**WHAT TO WORK ON**
Copy verbatim the block of lines in the entries below whose first line contains "Feldsalat - Saatband" and whose last line contains "vladopen online show". Leave out all other lines.

DATA SUPPLIED section start

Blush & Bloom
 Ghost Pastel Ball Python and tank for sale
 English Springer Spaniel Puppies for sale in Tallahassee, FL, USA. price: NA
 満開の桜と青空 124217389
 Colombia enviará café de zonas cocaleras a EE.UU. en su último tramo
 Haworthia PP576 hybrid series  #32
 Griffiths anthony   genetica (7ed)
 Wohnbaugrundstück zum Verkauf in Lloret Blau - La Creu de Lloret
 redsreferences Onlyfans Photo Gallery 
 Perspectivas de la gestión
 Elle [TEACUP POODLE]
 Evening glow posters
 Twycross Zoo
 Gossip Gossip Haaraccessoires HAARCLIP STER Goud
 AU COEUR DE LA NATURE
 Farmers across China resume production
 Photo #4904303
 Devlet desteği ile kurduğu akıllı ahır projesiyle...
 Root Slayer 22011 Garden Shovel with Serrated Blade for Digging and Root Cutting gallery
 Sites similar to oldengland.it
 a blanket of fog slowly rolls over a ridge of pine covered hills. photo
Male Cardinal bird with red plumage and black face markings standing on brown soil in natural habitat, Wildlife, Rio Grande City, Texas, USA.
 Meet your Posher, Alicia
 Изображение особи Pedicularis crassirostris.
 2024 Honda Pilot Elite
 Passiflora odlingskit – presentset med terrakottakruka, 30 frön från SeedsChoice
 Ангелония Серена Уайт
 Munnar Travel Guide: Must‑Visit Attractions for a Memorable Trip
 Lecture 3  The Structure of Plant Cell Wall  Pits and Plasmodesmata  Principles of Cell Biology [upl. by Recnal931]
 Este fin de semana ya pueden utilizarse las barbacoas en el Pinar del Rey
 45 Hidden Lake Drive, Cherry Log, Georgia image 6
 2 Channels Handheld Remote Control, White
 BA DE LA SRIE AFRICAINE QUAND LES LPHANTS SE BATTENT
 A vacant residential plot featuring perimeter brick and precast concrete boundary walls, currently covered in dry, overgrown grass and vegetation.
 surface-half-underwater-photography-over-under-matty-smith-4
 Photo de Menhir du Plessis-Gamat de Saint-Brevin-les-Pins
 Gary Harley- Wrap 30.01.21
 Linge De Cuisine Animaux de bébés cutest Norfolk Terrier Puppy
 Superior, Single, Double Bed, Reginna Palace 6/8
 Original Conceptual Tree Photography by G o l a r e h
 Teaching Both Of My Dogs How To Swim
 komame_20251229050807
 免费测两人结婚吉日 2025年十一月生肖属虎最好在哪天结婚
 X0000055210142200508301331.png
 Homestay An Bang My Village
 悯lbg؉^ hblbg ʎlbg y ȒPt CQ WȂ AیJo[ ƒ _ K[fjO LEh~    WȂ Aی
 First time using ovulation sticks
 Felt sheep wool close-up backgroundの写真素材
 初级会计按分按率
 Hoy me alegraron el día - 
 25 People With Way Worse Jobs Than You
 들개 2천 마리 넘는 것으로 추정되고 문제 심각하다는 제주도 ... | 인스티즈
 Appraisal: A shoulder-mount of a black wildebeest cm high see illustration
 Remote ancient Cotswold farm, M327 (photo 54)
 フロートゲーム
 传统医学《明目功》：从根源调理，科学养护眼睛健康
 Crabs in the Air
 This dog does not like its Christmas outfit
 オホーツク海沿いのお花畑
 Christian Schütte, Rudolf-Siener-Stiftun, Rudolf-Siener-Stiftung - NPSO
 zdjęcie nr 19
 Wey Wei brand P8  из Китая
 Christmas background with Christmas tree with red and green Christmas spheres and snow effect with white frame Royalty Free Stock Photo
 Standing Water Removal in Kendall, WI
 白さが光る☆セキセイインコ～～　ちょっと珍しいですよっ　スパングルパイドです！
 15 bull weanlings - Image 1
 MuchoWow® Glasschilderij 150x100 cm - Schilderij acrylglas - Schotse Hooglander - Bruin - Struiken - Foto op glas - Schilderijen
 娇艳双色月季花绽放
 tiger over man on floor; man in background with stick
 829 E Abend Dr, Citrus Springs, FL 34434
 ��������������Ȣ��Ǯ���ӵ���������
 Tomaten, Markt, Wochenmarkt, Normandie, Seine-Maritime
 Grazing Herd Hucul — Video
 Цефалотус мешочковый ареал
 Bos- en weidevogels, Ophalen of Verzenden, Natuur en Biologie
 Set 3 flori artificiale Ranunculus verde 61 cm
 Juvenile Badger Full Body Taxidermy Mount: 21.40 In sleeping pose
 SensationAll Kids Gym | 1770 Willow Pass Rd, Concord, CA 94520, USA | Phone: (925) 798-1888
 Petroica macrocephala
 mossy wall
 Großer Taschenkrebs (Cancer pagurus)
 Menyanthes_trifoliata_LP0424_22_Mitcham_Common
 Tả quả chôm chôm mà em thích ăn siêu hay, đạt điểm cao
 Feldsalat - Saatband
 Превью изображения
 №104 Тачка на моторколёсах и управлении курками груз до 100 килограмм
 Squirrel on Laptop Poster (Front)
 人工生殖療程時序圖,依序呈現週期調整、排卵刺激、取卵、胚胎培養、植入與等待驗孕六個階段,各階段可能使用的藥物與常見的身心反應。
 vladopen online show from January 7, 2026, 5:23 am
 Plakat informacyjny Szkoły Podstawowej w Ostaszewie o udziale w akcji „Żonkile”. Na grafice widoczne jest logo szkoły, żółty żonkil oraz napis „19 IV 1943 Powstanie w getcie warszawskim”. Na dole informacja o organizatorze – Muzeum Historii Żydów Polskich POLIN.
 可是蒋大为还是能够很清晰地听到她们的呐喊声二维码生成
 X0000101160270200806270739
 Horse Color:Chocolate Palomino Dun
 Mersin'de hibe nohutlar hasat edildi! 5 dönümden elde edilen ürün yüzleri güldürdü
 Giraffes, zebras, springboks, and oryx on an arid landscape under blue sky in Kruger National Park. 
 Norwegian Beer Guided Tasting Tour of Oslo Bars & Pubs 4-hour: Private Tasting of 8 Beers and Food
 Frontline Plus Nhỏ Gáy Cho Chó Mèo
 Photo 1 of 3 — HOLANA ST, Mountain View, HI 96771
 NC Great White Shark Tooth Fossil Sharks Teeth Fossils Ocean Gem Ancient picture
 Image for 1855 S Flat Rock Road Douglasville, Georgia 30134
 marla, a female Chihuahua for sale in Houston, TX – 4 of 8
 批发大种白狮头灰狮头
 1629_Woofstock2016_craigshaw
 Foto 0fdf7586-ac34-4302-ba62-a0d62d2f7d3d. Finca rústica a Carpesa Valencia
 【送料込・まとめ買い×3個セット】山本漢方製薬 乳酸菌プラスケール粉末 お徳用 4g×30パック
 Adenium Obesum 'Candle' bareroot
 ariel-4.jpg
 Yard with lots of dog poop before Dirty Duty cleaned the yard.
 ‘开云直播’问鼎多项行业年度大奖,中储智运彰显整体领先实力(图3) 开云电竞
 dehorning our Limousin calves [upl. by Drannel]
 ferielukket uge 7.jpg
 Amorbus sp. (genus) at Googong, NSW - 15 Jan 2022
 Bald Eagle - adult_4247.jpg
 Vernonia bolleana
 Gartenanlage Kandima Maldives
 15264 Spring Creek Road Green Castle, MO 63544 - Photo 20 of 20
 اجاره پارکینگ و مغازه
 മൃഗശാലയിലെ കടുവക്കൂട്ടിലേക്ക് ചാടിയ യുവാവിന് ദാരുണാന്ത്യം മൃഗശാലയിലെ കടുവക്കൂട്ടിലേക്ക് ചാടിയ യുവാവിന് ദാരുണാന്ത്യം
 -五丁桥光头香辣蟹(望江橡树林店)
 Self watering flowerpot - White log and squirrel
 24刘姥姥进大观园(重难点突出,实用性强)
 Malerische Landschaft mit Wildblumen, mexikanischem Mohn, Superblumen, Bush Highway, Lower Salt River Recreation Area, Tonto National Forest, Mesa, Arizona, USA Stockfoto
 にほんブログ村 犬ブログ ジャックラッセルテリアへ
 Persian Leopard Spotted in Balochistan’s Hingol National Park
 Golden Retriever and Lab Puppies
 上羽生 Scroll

DATA SUPPLIED section end

**FINISHED EXERCISE**
 Feldsalat - Saatband
 Превью изображения
 №104 Тачка на моторколёсах и управлении курками груз до 100 килограмм
 Squirrel on Laptop Poster (Front)
 人工生殖療程時序圖,依序呈現週期調整、排卵刺激、取卵、胚胎培養、植入與等待驗孕六個階段,各階段可能使用的藥物與常見的身心反應。
 vladopen online show from January 7, 2026, 5:23 am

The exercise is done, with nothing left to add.